#### What to produce:
Your task is to print all of the data below exactly, with no pictures included.

#### Provided data:
━━━

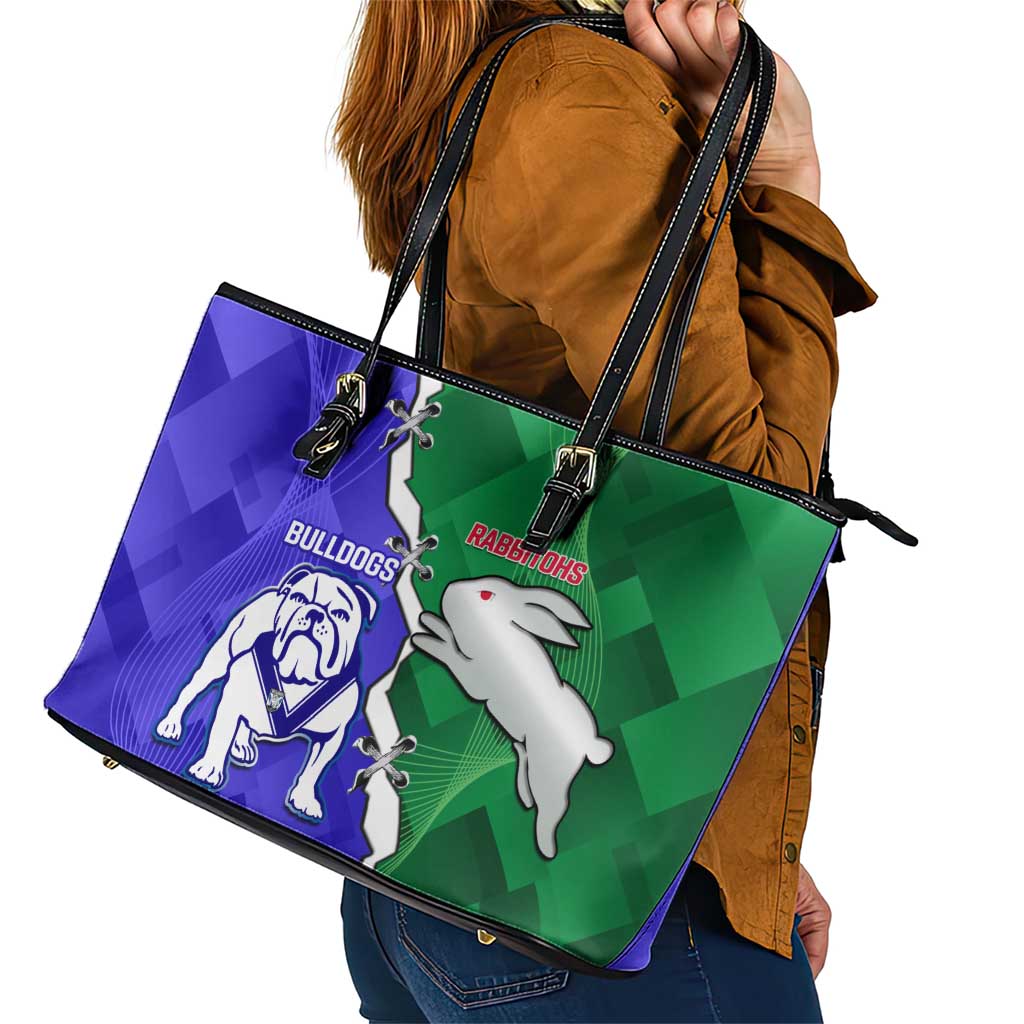 Rabbitohs and Bulldogs Leather Tote Bag Dynamic Sporty Version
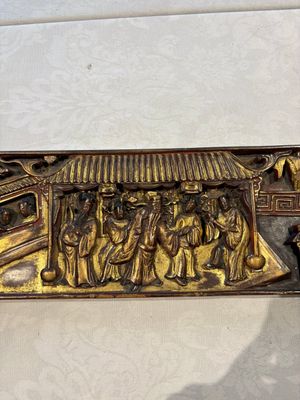 Six Chinese gilt-lacquered carved wooden panels with narrative design, 19th C. — 照片 35
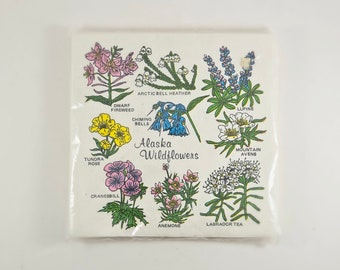 Alaska Luncheon napkins; vintage Alaska Wildflower paper napkins
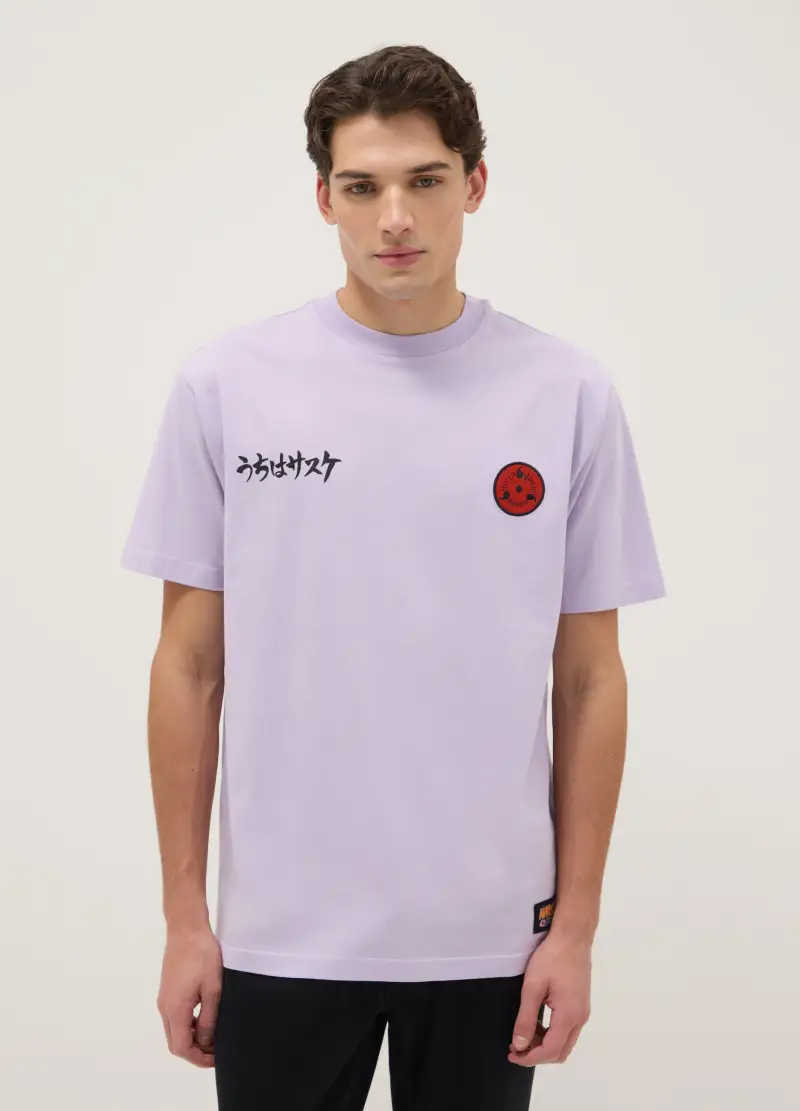 T-shirt In Puro Cotone Nero Regular Fit Con Stampa, Uomo, Viola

━━━

#### Response area:
 Rabbitohs and Bulldogs Leather Tote Bag Dynamic Sporty Version
 Six Chinese gilt-lacquered carved wooden panels with narrative design, 19th C. — 照片 35
 Alaska Luncheon napkins; vintage Alaska Wildflower paper napkins
 T-shirt In Puro Cotone Nero Regular Fit Con Stampa, Uomo, Viola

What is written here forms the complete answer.